There is one major difference between the first film and the second: the former was owned by the Walt Disney Company, the latter was not. With their deep cache of popular characters, their strategic acquisition of 21st Century Fox, and the unveiling of a new streaming service, Disney will tighten their grasp on the box office, leading to movie theaters full of sequels, reboots, and spin-offs, which will be bland, uninspired, and unoriginal.

Disney is already the most profitable studio in Hollywood. Over the last decade or so, Disney expanded outside of their traditional animation arena. Disney bought Lucasfilm for $4 billion in 2012. The first three Star Wars films released by Disney have made $4.2 billion as of January 1, according to Box Office Mojo. Disney bought Pixar in 2006, and their 2010 film “Toy Story 3,” is the second all-time highest grossing animated film, behind Disney’s own “Frozen.”

However, ticket sales aren’t as reliable as they once were. CinemaBlend reports that in 1930, 65 percent of the American population went to the theater weekly. That number is now a mere three percent. Whereas studios used to release dozens of films a year and take risks with edgier films, nowadays, the big studios typically release only five or six “tentpole” films each year.

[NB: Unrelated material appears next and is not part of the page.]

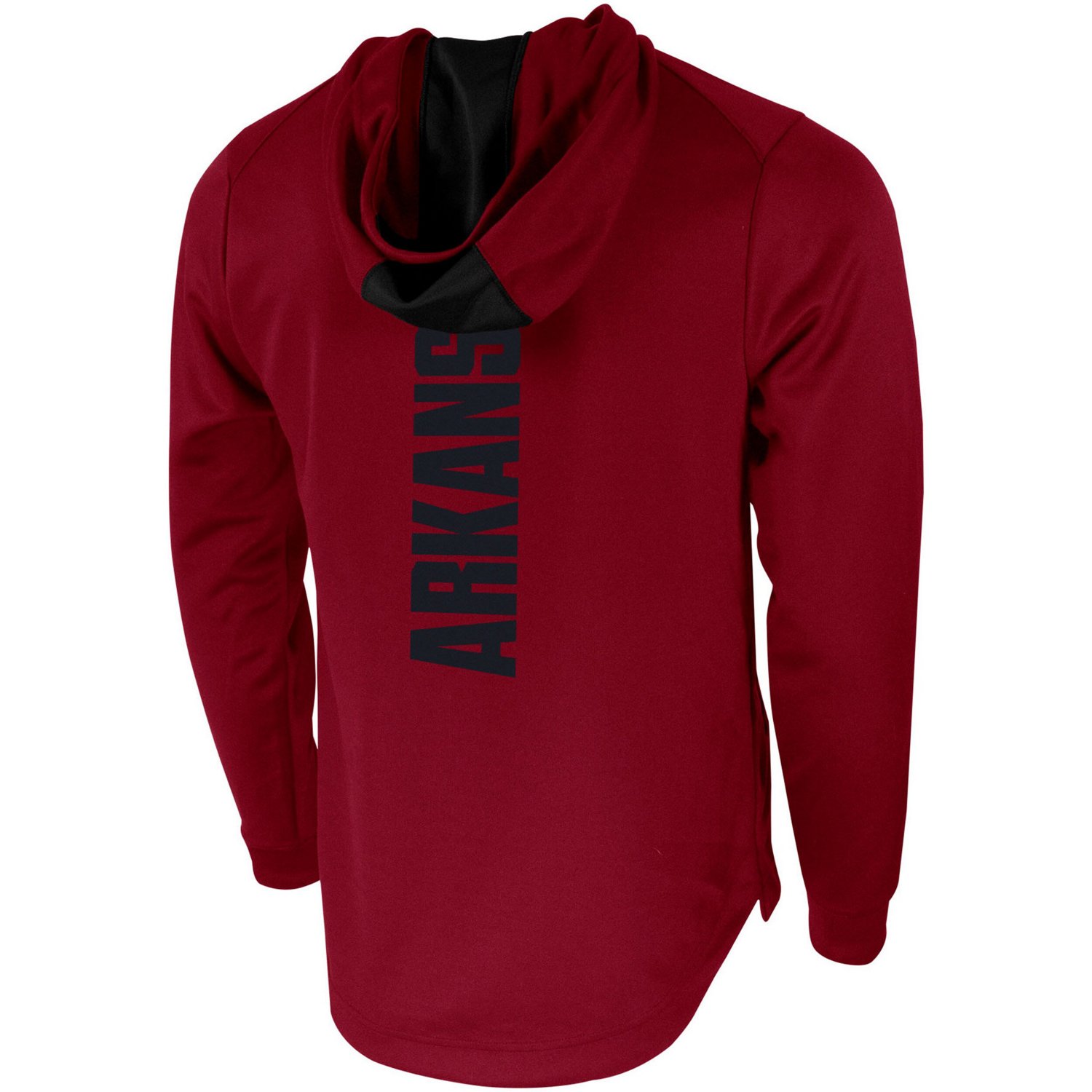 Nike Arkansas Razorbacks 2-Hit Performance Pullover Hoodie - view number 3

These are your Star Wars, Marvel, DC, etc. films. The only way forward is to expand outside of the theaters.

On June 27, the Department of Justice approved Disney’s deal to buy 21st Century Fox for $71 billion in cash and stock. Fox not only owns a number of commercially viable properties like the X-Men, Alien, and Die Hard series, but they also have several TV shows. Disney will get several Fox TV networks, responsible for such shows as “Atlanta,” “American Horror Story,” “The Simpsons,” and “Empire.” Analysts predict that after the merger has been completed, Disney, with the new acquisitions from Fox, will own about 40 percent of the worldwide box office. This amount of control over one medium can only lead to mediocrity in the movies. With one company creating almost half of what we watch, creativity and new ideas will be lacking.  

To top it off, Disney is now creating its own streaming platform where all of their animated, Marvel, and Star Wars content will be found. This content will be exclusive to the Disney service, which is said to launch sometime next spring.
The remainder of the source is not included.